Our first topic is to create the basic project structure, where we end up having two sub-projects which are both managed through one central build.sbt file.

Let’s start by creating a directory for our project: mkdir myproject. Within this directory, we need to create a build.sbt file. We need to fill it with the following content:

name := "My Project"

val commonSettings = Seq(
  organization := "net.example",
  version := "0.1",
  scalaVersion := "2.11.4",
  scalacOptions := Seq("-unchecked", "-deprecation", "-encoding", "utf8")
)

lazy val common = project.in(file("common"))
  .settings(commonSettings:_*)

lazy val playApp = project.in(file("playApp"))
  .settings(commonSettings:_*)

lazy val main = project.in(file("."))
  .aggregate(common, playApp)

This is kind of a minimum required configuration, but it’s already sufficient to give us an sbt project which consists of two sub-projects: common and playApp. For each of these, we defined in which folder the code for the project resides, and which settings apply - in this case, we share a common set of settings.

Note how we really defined three projects: main is the container project which aggregates our two sub-projects. We will later see how this simplifies certain steps of the development workflow.

Using sbt with sub-projects

Even with this basic setup, we can already explore how sbt behaves in a multi-project setup:

$ sbt
[info] Set current project to My Project (in build file:/Users/manuelkiessling/myproject/)

> project common
[info] Set current project to common (in build file:/Users/manuelkiessling/myproject/)

> test
[info] Updating {file:/Users/manuelkiessling/myproject/}common...
[info] Resolving jline#jline;2.12 ...
[info] Done updating.
[success] Total time: 2 s, completed 30.12.2014 19:31:31

> project main
[info] Set current project to My Project (in build file:/Users/manuelkiessling/myproject/)

> test
[info] Updating {file:/Users/manuelkiessling/myproject/}main...
[info] Updating {file:/Users/manuelkiessling/myproject/}common...
[info] Updating {file:/Users/manuelkiessling/myproject/}playApp...
[info] Resolving jline#jline;2.12 ...
[info] Done updating.
[info] Resolving org.fusesource.jansi#jansi;1.4 ...
[info] Done updating.
[success] Total time: 1 s, completed 30.12.2014 19:40:29

As you can see, the sbt console allows us to switch between sub-projects using the project command. We can change into one of the sub-projects, and when executing the test command, it is run in the context of the chosen sub-project. When we do not switch into a sub-project (or switch back to the main project using project main), running test leads to the test command being executed for each of our sub-projects.

Some first code

Let’s now add some actual code to our common sub-project. We will put general-purpose code, which is going to be used in all other projects, into common. The boilerplate code which allows to connect to Cassandra instances is a good example.

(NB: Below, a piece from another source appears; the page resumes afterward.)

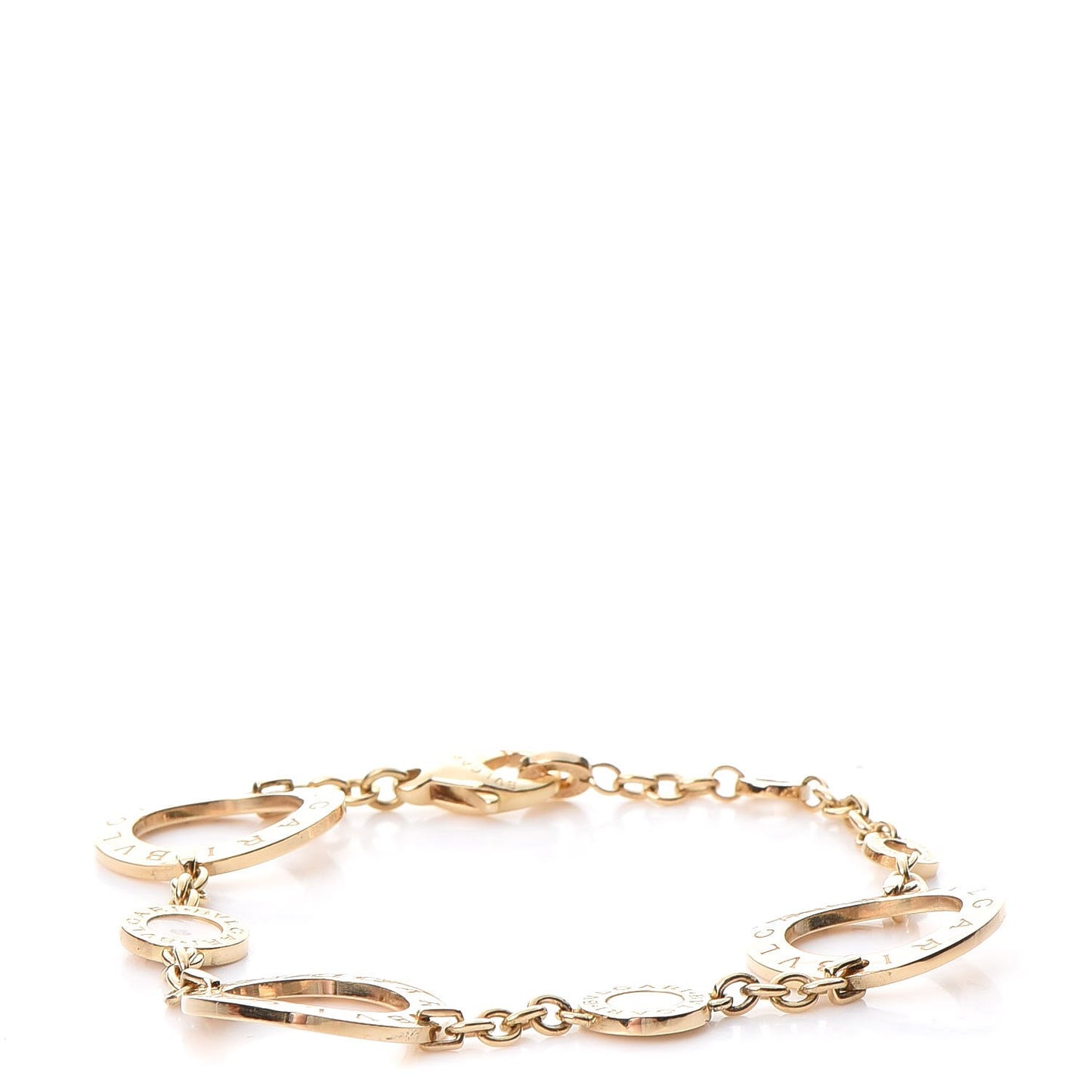 18K Yellow Gold Mother of Pearl Signature Chain Bracelet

To do so, we first need to create the required folder structures:

mkdir -p common/src/test/scala/common/utils/cassandra
mkdir -p common/src/main/scala/common/utils/cassandra

First, we will create a case class that represents a Cassandra connection URI. Let’s write a scalatest spec for it, which resides in file common/src/test/scala/common/utils/cassandra/CassandraConnectionUriSpec.scala:

package common.utils.cassandra

import org.scalatest.{Matchers, FunSpec}

class CassandraConnectionUriSpec extends FunSpec with Matchers {

  describe("A Cassandra connection URI object") {
    it("should parse a URI with a single host") {
      val cut = CassandraConnectionUri("cassandra://localhost:9042/test")
      cut.host should be ("localhost")
      cut.hosts should be (Seq("localhost"))
      cut.port should be (9042)
      cut.keyspace should be ("test")
    }
    it("should parse a URI with additional hosts") {
      val cut = CassandraConnectionUri(
        "cassandra://localhost:9042/test" +
          "?host=otherhost.example.net" +
          "&host=yet.anotherhost.example.com")
      cut.hosts should contain allOf ("localhost", "otherhost.example.net", "yet.anotherhost.example.com")
      cut.port should be (9042)
      cut.keyspace should be ("test")
    }
  }

}

Creating this spec leads to common depending on the scalatest library. We need to declare this dependency in our build.sbt file. Because we are going to use scalatest in all our submodules, it makes sense to put the dependency declaration into a val which can be reused:

name := "My Project"

val commonSettings = Seq(
  organization := "net.example",
  version := "0.1",
  scalaVersion := "2.11.4",
  scalacOptions := Seq("-unchecked", "-deprecation", "-encoding", "utf8")
)

lazy val testDependencies = Seq (
  "org.scalatest" %% "scalatest" % "2.2.0" % "test"
)

lazy val common = project.in(file("common"))
  .settings(commonSettings:_*)
  .settings(libraryDependencies ++= testDependencies)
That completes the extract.